In order to test the scalability of our WTF-on-GPU recommendation system, we
ran WTF on six differently-sized subsets of the twitter09 dataset. The results
are shown in Figure~\ref{fig:runtime-vs-edge-count}. We see that the implementation scales sublinearly with
increasing graph size. As we double the graph size, the total runtime increases
by an average of 1.684x, and the runtime for Money increases by an average of
1.454x. The reason lies in our work-efficient parallel implementation. By
doing per-vertex computation exactly once and visiting each edge exactly once,
our parallel algorithm performs linear $O(m+n)$ work. The reason that we have
better scalability for the Money algorithm is that although we are doubling
the graph size each time, the CoT size is fixed at 1000. We address scalability beyond a single GPU in Section~\ref{sec:discussion}.

\begin{figure}
  \centering
  \caption{Scalability of runtime versus edge count for our GPU recommendation system.\label{fig:runtime-vs-edge-count}}
\end{figure}

\subsection{Comparison to Cassovary}
We chose to use the Cassovary graph library for our CPU performance comparison. The results of this comparison are shown in Table~\ref{tab:cassovary}. Cassovary is a graph library developed at Twitter. It was the library Twitter used in their first WTF implementation~\cite{Gupta:2013:WTW}. The parameters and Cassovary function calls for this implementation can be found in the Appendix.

\begin{table*}
\centering
\caption{Runtime comparison to Cassovary.\label{tab:cassovary}}
\begin{tabular}{*{10}{r}}
\toprule & \multicolumn{2}{c}{wiki-Vote} & \multicolumn{2}{c}{twitter} & \multicolumn{2}{c}{gplus} & \multicolumn{2}{c}{twitter09} \\
\midrule Step (runtime) & Cassovary & GPU & Cassovary & GPU & Cassovary & GPU & Cassovary & GPU\\
\midrule PPR (ms) & 418 & 0.45 & 480 & 0.84 & 463 & 4.74 & 884 & 832.69\\
CoT (ms) & 262 & 0.54 & 2173 & 1.28 & 25616 & 2.11 & 2192 & 51.61\\
Money/SALSA (ms) & 357 & 2.70 & 543 & 5.16 & 2023 & 18.56 & 11216 & 158.37\\
Total (ms) & 1037 & 4.37 & 3196 & 8.36 & 28102 & 26.57 & 14292 & 1044.99\\
Speedup & \multicolumn{2}{r}{235.7} & \multicolumn{2}{r}{380.5} & \multicolumn{2}{r}{1056.5} & \multicolumn{2}{r}{13.7}\\
\bottomrule
\end{tabular}
\end{table*}

We achieve speedups of up to 1000x over Cassovary for the Google Plus graph, and a speedup of 14x for the 2009 Twitter graph, which is the most representative dataset for the WTF application. One difference between the GPU algorithm and the Cassovary algorithm is that we used the SALSA function that comes with the Cassovary library, instead of using Twitter's Money algorithm for the final step of the algorithm. Both are ranking algorithms based on link analysis of bipartite graphs, and in the original Who-To-Follow paper~\cite{Gupta:2013:WTW}, Gupta et al.\ use a form of SALSA for this step, so this is reasonable for a comparison.

\section{Discussion}
\label{sec:discussion} On a graph with more than 175 million nodes and 20 billion edges, the WTF algorithm currently takes around 500~ms in Twitter's data center~\cite{Myers:2014:INS}. In contrast, our implementation can process a graph with 25 million nodes and 340 million edges in a similar amount of time (524~ms), and it takes 1 second to process our largest dataset, which is still significantly smaller than the complete Twitter graph.

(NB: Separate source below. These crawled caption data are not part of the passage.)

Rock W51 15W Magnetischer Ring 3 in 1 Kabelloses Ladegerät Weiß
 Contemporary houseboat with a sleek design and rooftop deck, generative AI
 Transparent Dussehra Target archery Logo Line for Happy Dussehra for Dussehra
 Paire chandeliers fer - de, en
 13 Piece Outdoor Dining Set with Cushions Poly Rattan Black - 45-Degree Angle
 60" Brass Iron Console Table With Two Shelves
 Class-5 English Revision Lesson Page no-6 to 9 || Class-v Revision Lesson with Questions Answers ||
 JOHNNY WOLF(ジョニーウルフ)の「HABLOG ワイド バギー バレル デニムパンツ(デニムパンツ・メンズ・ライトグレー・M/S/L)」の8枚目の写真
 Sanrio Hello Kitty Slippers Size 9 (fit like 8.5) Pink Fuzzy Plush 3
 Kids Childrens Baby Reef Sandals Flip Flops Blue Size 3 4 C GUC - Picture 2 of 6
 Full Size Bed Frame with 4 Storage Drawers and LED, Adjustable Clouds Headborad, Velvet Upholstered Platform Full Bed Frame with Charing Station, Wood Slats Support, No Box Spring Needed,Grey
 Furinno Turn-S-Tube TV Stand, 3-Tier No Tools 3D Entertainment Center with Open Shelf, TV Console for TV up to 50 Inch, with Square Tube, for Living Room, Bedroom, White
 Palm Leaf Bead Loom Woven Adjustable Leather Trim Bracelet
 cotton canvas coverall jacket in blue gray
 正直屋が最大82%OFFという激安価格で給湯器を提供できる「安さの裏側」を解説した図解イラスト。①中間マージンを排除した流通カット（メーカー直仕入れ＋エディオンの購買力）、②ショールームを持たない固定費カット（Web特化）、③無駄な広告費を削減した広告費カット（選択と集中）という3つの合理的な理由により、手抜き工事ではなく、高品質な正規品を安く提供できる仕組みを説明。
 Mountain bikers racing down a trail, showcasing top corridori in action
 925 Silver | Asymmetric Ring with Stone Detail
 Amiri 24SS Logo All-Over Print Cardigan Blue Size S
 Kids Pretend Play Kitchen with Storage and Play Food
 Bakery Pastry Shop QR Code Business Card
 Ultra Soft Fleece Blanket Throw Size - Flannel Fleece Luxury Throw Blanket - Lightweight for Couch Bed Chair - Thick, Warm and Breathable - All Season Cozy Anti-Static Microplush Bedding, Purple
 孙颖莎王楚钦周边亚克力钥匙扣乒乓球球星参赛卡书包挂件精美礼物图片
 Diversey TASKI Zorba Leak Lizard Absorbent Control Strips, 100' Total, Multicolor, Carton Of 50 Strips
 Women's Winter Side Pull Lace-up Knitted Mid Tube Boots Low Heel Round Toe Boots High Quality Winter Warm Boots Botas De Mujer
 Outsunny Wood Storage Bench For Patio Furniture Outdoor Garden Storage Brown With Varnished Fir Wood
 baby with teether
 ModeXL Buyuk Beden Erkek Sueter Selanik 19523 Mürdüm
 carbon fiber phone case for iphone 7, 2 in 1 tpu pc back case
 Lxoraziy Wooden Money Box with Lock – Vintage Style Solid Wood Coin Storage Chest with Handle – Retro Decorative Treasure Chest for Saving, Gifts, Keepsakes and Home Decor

The Personalized PageRank calculation takes up the vast
majority of the runtime for larger graphs (Table~\ref{tab:runtimes}). This is because PPR runs on the
entire graph, but Money only runs on the pruned CoT graph, which does not grow
as quickly. One possible way to reduce the runtime would be to precompute the
CoT, and only run Money to update WTF\@. In this scheme, PPR would only be run
periodically, and it could be an offline process. Alternatively, an incremental
PPR calculation, as in Bahmani et al.~\cite{Bahmani:2010:FIP}, could provide an
estimate of the new CoT without needing to iterate through the entire graph.
With the precomputed CoT, we would only need to run Twitter's Money algorithm
to get the result. According to our sublinear scalability model of Twitter's
Money algorithm runtime, we could compute the result in 300~ms
on Twitter's circa-2009 follow graph.

We also note that our PPR calculation uses a power iteration method, while Twitter's is a Monte Carlo method. Both methods are quite accurate, but there are a few trade-offs~\cite{Avrachenkov:2007:MCM}. The power iteration method is deterministic. Every time the algorithm runs on the same set of data, we will get the same results. Monte Carlo methods involve actually performing random walks to compute the probability distribution, so the outcome will not be exactly the same every time. In terms of performance, Monte Carlo methods give a reasonable approximation after only the first iteration, but the error decreases very slowly with more iterations. Power iteration, on the other hand, starts with a much more inaccurate estimation, but the error decreases and converges quicker than for Monte Carlo. We chose power iteration because it is both efficient and easy to implement on a GPU; however, it is possible that a Monte Carlo method would perform better on a GPU\@. Because Monte Carlo methods involve many independent walks, they are potentially well-suited to the GPU's massively parallel architecture.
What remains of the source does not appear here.